Durch detaillierte Analysen musikalischer Einsatzsituationen,
beispielsweise dem Einsatz von Marschmusik am Lagertor, zeigt sie
eindrücklich auf, wie Musik und die Musizierenden in den
Vernichtungsapparat der SS verwoben wurden.
Das Orchester
war integraler Bestandteil des Alltags der SS und zwangsläufig der
Gefangenen. Die Autorin betont, daß befohlene Musik für die
Mehrzahl von ihnen ein zusätzliches Element alltäglicher
Qual, Demütigung und Täuschung war. Sie entmythologisiert die
häufig in der Literatur betonte positive Kraft von Musik auf die
KZ-Häftlinge.
Die Autorin
stellt musikalische Lebensläufe anhand biographischer Kategorien
dar. Auf der Basis der spezifischen Psychologie von
KZ-Überlebenden zeigt sie durch behutsame Interpretationen auf,
wie alle Frauen durch die Zeit der NS-Verfolgung und die
KZ-Gefangenschaft massive Einschnitte in ihre Musikbiografie erlitten.

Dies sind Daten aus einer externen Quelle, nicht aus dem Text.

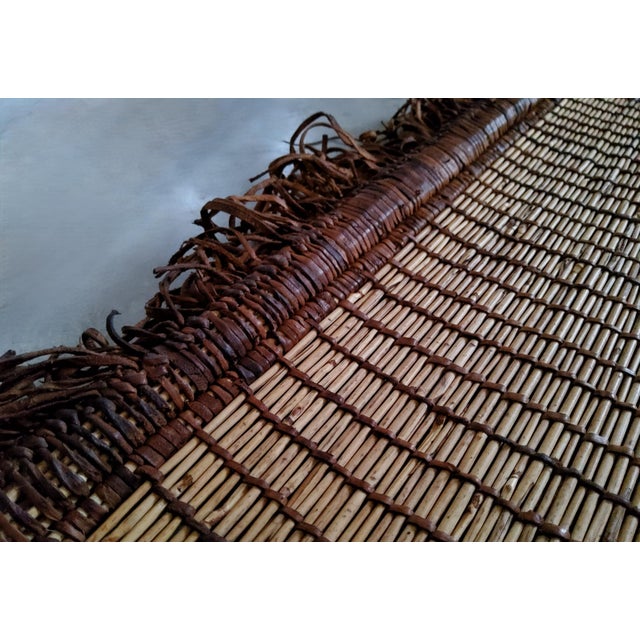 Wood Vintage Berber Tuareg Mat in Rush and Leather, 1971 For Sale - Image 7 of 11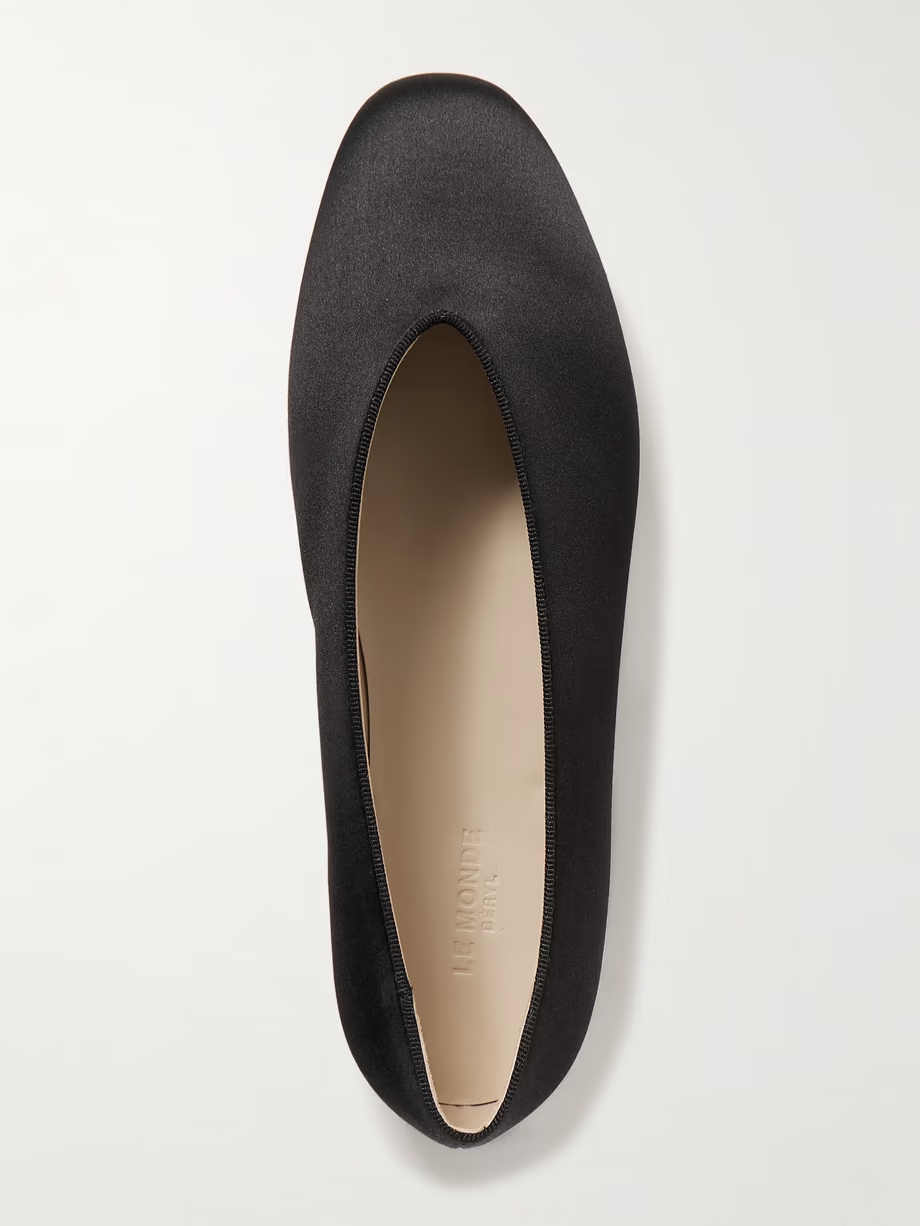 Regency grosgrain-trimmed satin ballet flats Regency grosgrain-trimmed satin ballet flats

Um weiterleben zu können, mußte jede Frau individuelle
Bewältigungsstrategien finden.
Ein zentrales
Ergebnis der Arbeit ist, daß die Musikerinnen auf grausame Weise
Opfer waren. Die Autorin kritisiert daher die Darstellung ihrer Lebens-
und Arbeitsbedingungen im Buch der Fania Fénelon, Das Mädchenorchester in Auschwitz
(1981), in dem die Geschehnisse im Orchester verharmlost und
beschönigt beschrieben sind. Sie zieht den Schluß, daß
es keine verbindliche Wahrheit gibt, sondern daß es darum geht,
die subjektiven Sichtweisen aller Frauen als kontrastierende
Wahrheitsebenen gegenüberzustellen und zu respektieren, daß
die Frauen des Orchesters durch die Verdrängung großer Teile
der traumatischen Vergangenheit überhaupt weiterleben konnten.